The national population pyramid highlights an ageing demographic with a significant concentration of the population observed between the age bands of 30-34 and 65-69, reflecting a large middle-aged and older working population.
On the other hand, the base of the pyramid is distinctively narrow, indicating persistently low birth rates and a declining proportion of younger residents.
The overall shape of the pyramid is generally symmetrical, suggesting a relatively balanced distribution between males and females across most age bands. However, the disparities become evident in the older age band. From the 75-79 band onwards, the females increasingly outnumber the males as seen in the 100% stacked bar chart.
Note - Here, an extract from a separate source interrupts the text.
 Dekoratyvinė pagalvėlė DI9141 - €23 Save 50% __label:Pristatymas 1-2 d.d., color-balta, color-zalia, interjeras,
4.2 Population Size and Age Group Concentrations by Region

This section explores how the population is spread across different age groups in each region. The stacked bar chart shows the breakdown across five age groups for each region. Additionally, a slope chart shows the proportion of the youth against the senior populations, providing a simple visual of how each region’s population skews younger or older.

Plot
Code

age_group_plot <- respop_data_clean %>%
  mutate(Age_Group = cut(Age, breaks = c(0, 14, 24, 44, 64, Inf),
                         labels = c("0-14", "15-24", "25-44", "45-64", "65+"))) %>%
  filter(!is.na(Age_Group)) %>%  
  group_by(Region, Age_Group) %>%
  summarise(Total_Pop = sum(Pop, na.rm = TRUE), .groups = "drop") %>%
  mutate(Region = fct_reorder(Region, Total_Pop, .fun = sum, .desc = TRUE)) %>%
  ggplot(aes(x = Region, y = Total_Pop, fill = Age_Group)) +
  geom_bar(stat = "identity") +
  labs(title = "Age Group Distribution by Region",
       x = "Region", y = "Population", fill = "Age Group") +
  scale_fill_manual(values = c("0-14" = "#FFB6C1",
                               "15-24" = "#B3D9FF", 
                               "25-44" = "#A7D8C7", 
                               "45-64" = "#FFD1A9",  
                               "65+" = "#E0B0FF")) +  
  theme_minimal() +
  theme(axis.text.x = element_text(angle = 45, hjust = 1),
        plot.title = element_text(hjust = 0.5))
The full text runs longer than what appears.